# Task description
Leave out the pictures and copy the remaining records exactly.

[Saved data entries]
--- --- ---
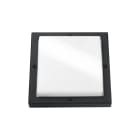 SG Lighting - Bassi hublot carré noir E27 classe I IP65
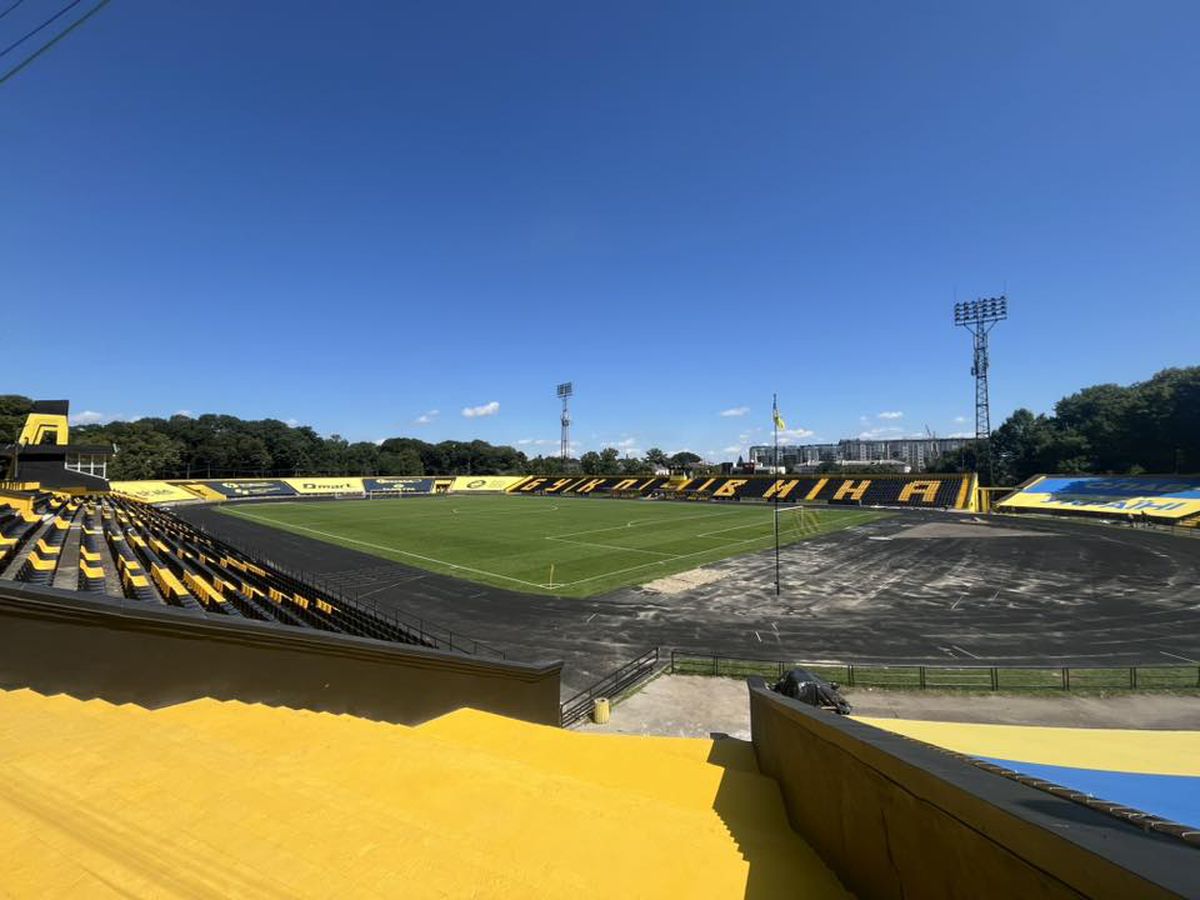 Ucrainenii au modernizat stadionul din Cernăuți și sunt gata pentru noul sezon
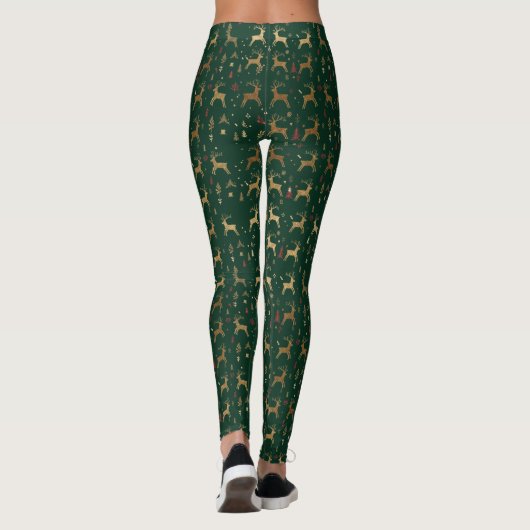 Reindeer Christmas Leggings レギンス (裏面)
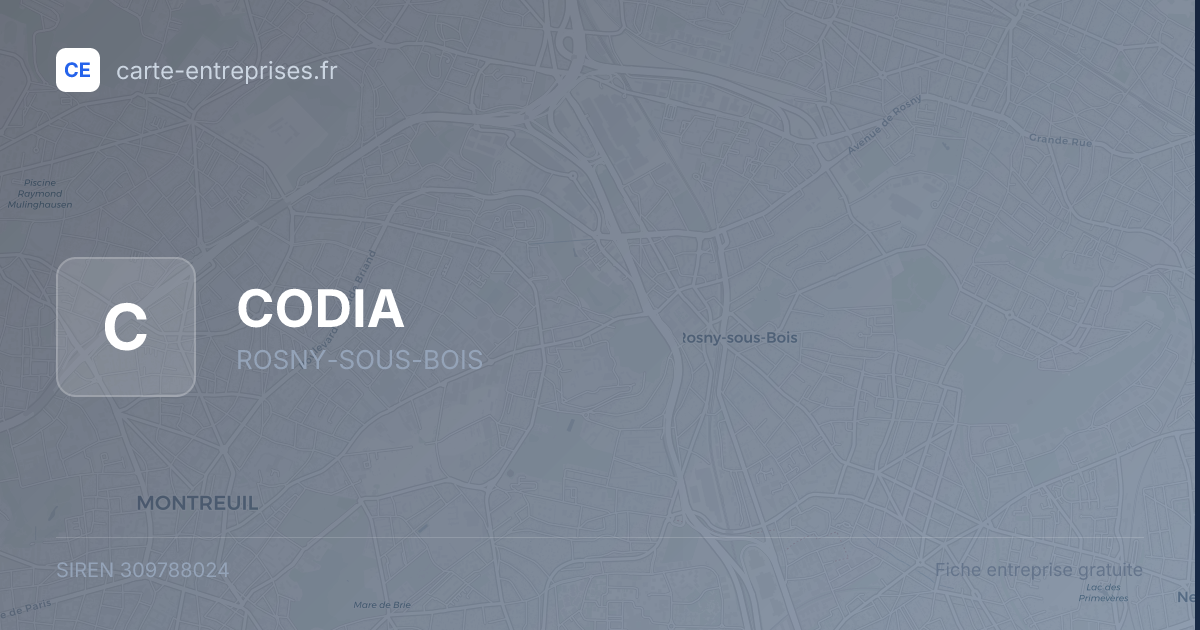 CODIA — 309788024 — fiche entreprise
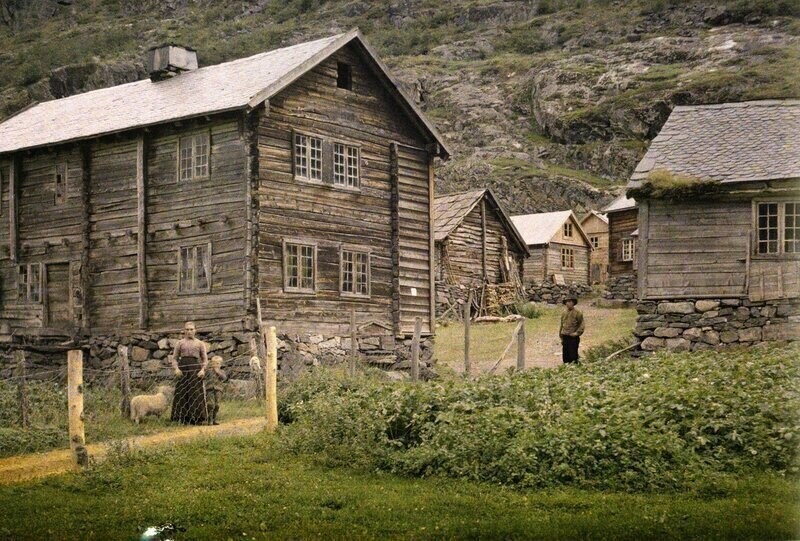 Норвежская деревня, 1910 год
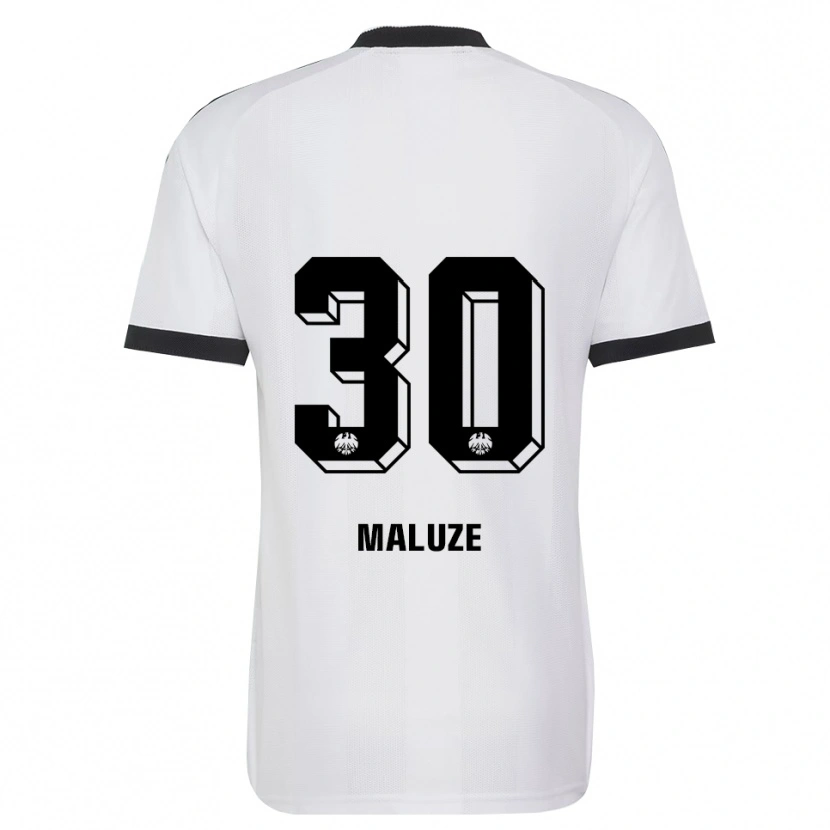 Danxen Damen Jeremiaha Maluze #30 Schwarz Weiß Auswärtstrikot Trikot 2026/27 T-Shirt Österreich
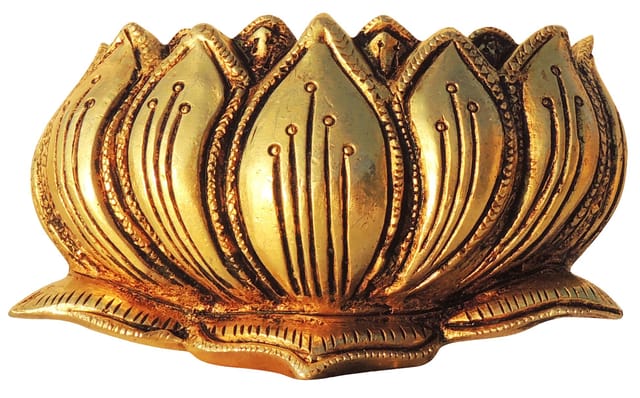 Brass Showpiece Wall Hanging Lotus Flower God Idol Statue - 4*1.2*3 Inch (BS1607 D)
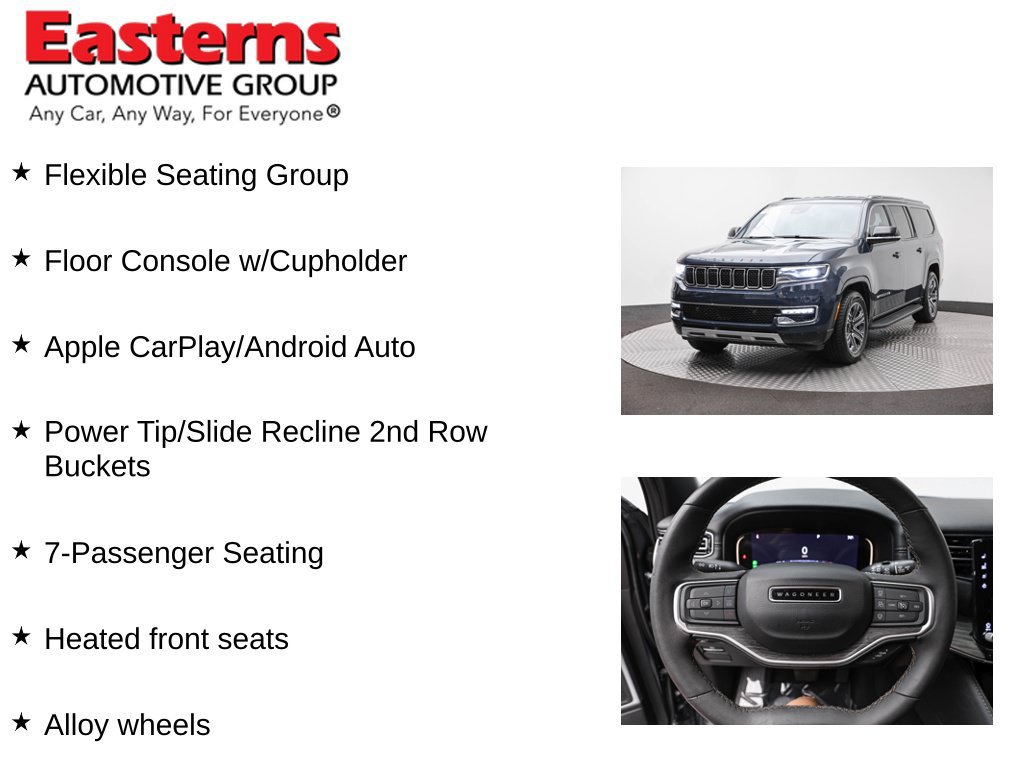 Used 2024 Jeep Wagoneer L Series II w/ Flexible Seating Group RWD image 13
--- --- ---
# Answer section
 SG Lighting - Bassi hublot carré noir E27 classe I IP65
 Ucrainenii au modernizat stadionul din Cernăuți și sunt gata pentru noul sezon
 Reindeer Christmas Leggings レギンス (裏面)
 CODIA — 309788024 — fiche entreprise
 Норвежская деревня, 1910 год
 Danxen Damen Jeremiaha Maluze #30 Schwarz Weiß Auswärtstrikot Trikot 2026/27 T-Shirt Österreich
 Brass Showpiece Wall Hanging Lotus Flower God Idol Statue - 4*1.2*3 Inch (BS1607 D)
 Used 2024 Jeep Wagoneer L Series II w/ Flexible Seating Group RWD image 13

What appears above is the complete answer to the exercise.